Perpaduan dari beragam jenis alat musik mempengaruhi pengetahuan lokal masyarakat Etnis Samawa dalam hal proses mencipta komposisi musik masyarakat setempat. Maka terwujudlah repertoar-repertoar khas Etnis Samawa yang mengiringi upacara adat Etnis Samawa yang masih dilaksanakan hingga saat ini.
Gong genang merupakan dua jenis alat musik yang menjadi satu kesatuan dan saling mendukung dalam pertunjukan musiknya. Alat musik gong termasuk dalam klasifikasi idiophone yang sumber bunyinya berasal dari tubuh alat musik itu sendiri.

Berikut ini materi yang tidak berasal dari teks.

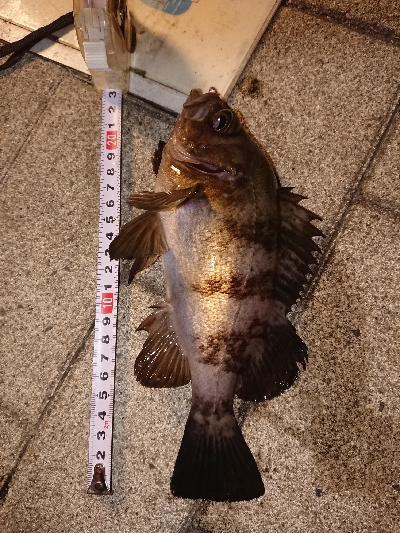 アジングのはずが…w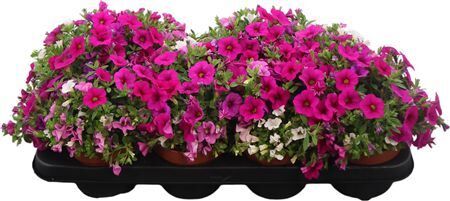 Calibrachoa Tricolor Paradise Pink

Gong dalam ansambel gong genang terbuat dari perunggu atau logam dengan ukuran diameter 60 meter, biasanya memiliki stand berkaki dua untuk tempat menggantungnya. Pemain gong biasanya terdiri dari satu orang, biasanya duduk bersila dan memukulnya menggunakan alat pemukul terbuat dari kayu yang diujungnya digulung dengan kain atau karet.
Genang atau gendang merupakan bagian dari golongan klasifikasi membranofon yang memperoleh sumber bunyi dari getaran selaput atau kulit yang dipukul. Teknik permainan genang terdiri dari tiga bagian, yaitu: 1. Dipukul menggunakan pemukul, baik untuk pukulan lirih ataupun keras, 2. Ditepak menggunakan tangan pada bagian tengah kulit, baik berbunyi lirih maupun keras, 3. Dipukul menggunakan jari pada bagian sisi genang untuk pukulan lirih ataupun keras.

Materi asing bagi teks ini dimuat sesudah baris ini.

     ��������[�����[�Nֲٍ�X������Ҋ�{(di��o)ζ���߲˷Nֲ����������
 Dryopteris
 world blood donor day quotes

Cara memainkan gong genang dapat dilakukan dalam posisi duduk, berdiri, atau berjalan, bergantung kehendak dari konsep pertunjukan musik yang diselenggarakan oleh penyelenggara hajat dengan teknik permainan duduk bersila ataupun berdiri dengan memerhatikan kebutuhan konsep event yang digelar oleh penyelenggara hajatan.
Adapun bahan-bahan yang digunakan dalam pembuatan alat musik genang ialah: 1. Kulit kambing, 2. Pohon nangka, pohon pinang, dan pohon lontar, 3. Rengkan atau pengikat kulit berbentuk bulat terbuat dari rotan, 4. Sengidung atau tali rotan yang berfungsi menguatkan dan menghubungkan antara rengkan bao (atas) dan rengkan bawa (bawah), 5. Paneran atau cincin besi yang berfungsi mengencangkan sengidung, 6. Pemukel atau pemukul terbuat dari kayu. Sementara peralatan yang dibutuhkan dalam proses pembuatan seperti gergaji atau mesin pemotong, parang, pisau, pahat, dan palu (Hery Musbiawan).

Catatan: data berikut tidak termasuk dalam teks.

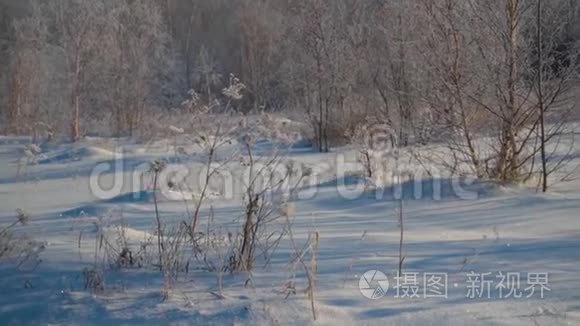 冬天的森林。 很多雪。 在霜冻中没有叶子的前景树中。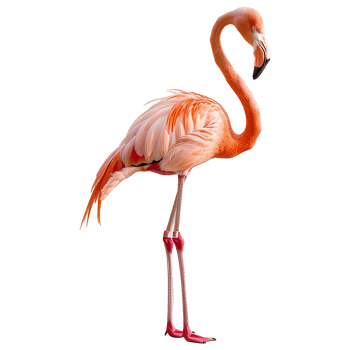 flamingo isolated on transparent background png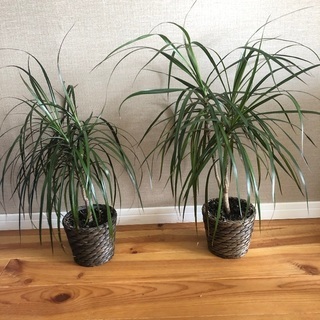 植物/プラント2個セット【IKEA】DRUVFLÄDER 鉢カバー付き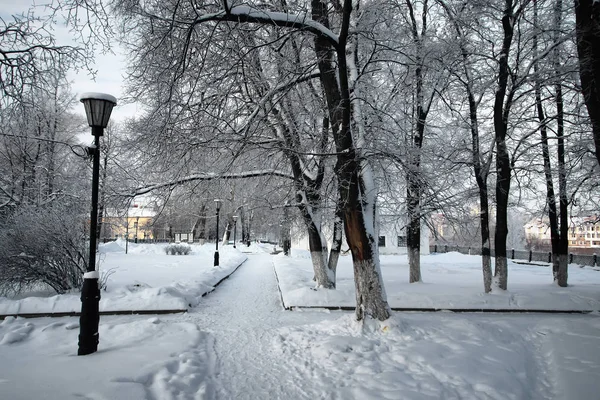 植物覆盖着雪的冬季公园分支 — 图库照片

Berikut ini ialah beberapa tahapan proses pembuatan alat musik genang menurut Hery Musbiawan. Pada bagian pertama, sematang atau batang pohon nangka, dapat juga batang pohon pinang, atau pohon lontar yang dipotong menggunakan gergaji atau mesin pemotong sesuai ukuran yang dibutuhkan, setelah itu bagian tengah kayu dilubangi menggunakan pahat atau mesin pelubang. Bagian luar kayu diratakan menggunakan amplas sampai halus sekaligus memperindah luar genang dengan dibuatnya seni kelingking yang diukir menggunakan pahat.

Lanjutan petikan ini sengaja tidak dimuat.